1981 Constitutional Conference Meeting
Constitutional politics came to dominate Canadian politics from the 1970s to the early 1990s, when the last of these attempts at macro-constitutional change failed, when the they so-called Charlottetown Accord, a package of constitutional amendments was rejected in a deeply divisive national plebiscite. For symbolic reasons, this accord had been negotiated in the city of Charlottetown, which has also hosted the famous 1864 constitutional meeting (see pictures below).
From about 1993 to the present, the Canadian political class has sought to avoid marco-constitutional politics—the use of the so-called C-word (i.e., “constitution”). The focus has been economic policy, healthcare policy, global warming, the war on terror, and pretty much everything except the constitution. The focus of politics has been on making decisions within the existing constitutional framework rather than changing the constitutional issues themselves.

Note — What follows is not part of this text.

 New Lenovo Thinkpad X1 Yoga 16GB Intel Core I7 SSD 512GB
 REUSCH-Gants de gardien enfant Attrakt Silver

I have no insider knowledge of the process by which the planners of the Canada150 celebration decided to ignore the actual events of 1867. However, I suspect that they were thinking that any public events that commemorated earlier rounds of constitutional bargaining (e.g., high-profile visits by political leaders to the sites of the constitutional meetings of 1864 and 1866-7) might encourage political actors to re-open the subject of constitutional reform. The last thing any Canadian Prime Minister wants is to legitimate calls for another set of constitutional conferences. Instead, the Prime Minister wants to simply enjoy the festivities, which will culminate on 1 July, Canada’s national holiday and the precise moment when the Canadian constitution turns 150 years old. There will be a massive party and outdoor music festival in front of the Canadian parliament.
As if on cue, the Quebec government announced on 1 June that it was seeking to re-open the subject of the constitution. It proposed a gathering of political leaders from across Canada so that the constitution can be re-written so as to satisfy its five demands for constitutional change, along with demands that may come from Aboriginal Peoples. In releasing a document with its proposals for constitutional change, the Quebec government explicitly stated that the timing of its publication was connected to sesquicentennial celebrations. The government’s 200-page policy paper (available in French here and in English here) refers to the sesquicentennial and the events of 1867 and declared that: “We must work to re-establish what Quebecers have always wanted since 1867: a Canada that accepts them for who they are….” The first 40 or so pages of the document consist of a historical narrative covering Quebec history from before 1867 to the 1995 Referendum on Quebec independence.
The timing of the Quebec’s government decision to re-open the constitution strongly suggests that historical anniversaries can become performative. In my view, it illustrates the utility of the growing body of research in management, and indeed across the social sciences, on social memory and the power of history to shape action in the present.